* [The problem] The line with "pixels, U ..." starts the range, and the last line of the listing ends it. Retype that range exactly, without pictures.

* [Dataset extract]
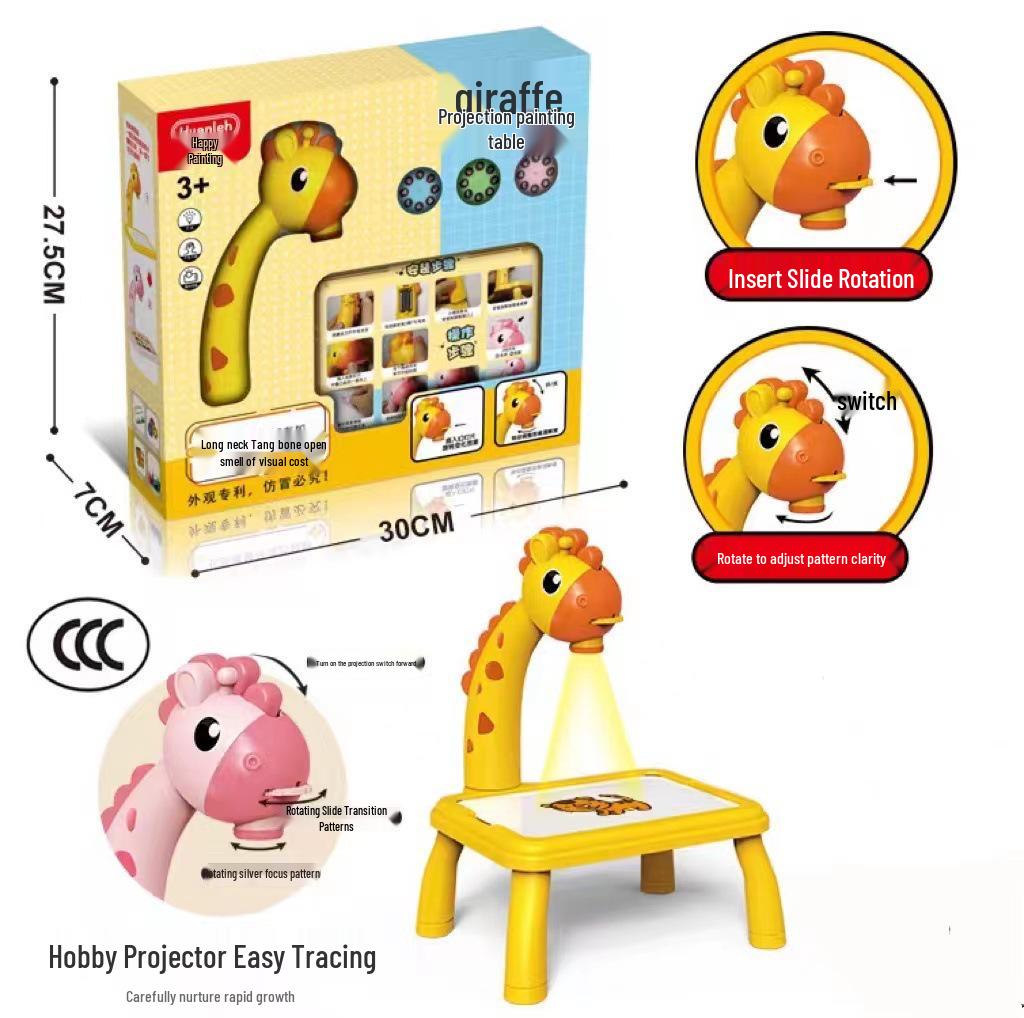Проекционный чертежный стол Zhile Little Deer: Многофункциональная мультяшная доска для граффити со звуком и светом для детей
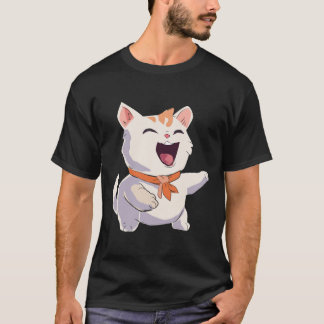 Camiseta Ilustração Rindo de Gato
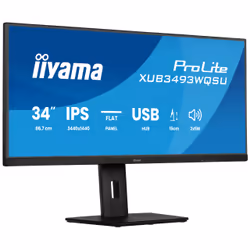 iiyama ProLite 34” IPS ultra-wide flat screen with PiP, PBP and height adjustable stand, 86.4 cm (34"), 1440 x 3440 pixels, U ...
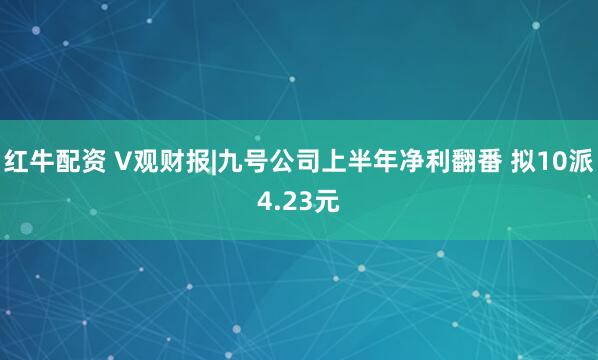 红牛配资 V观财报|九号公司上半年净利翻番 拟10派4.23元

* [Response below]
 iiyama ProLite 34” IPS ultra-wide flat screen with PiP, PBP and height adjustable stand, 86.4 cm (34"), 1440 x 3440 pixels, U ...
 红牛配资 V观财报|九号公司上半年净利翻番 拟10派4.23元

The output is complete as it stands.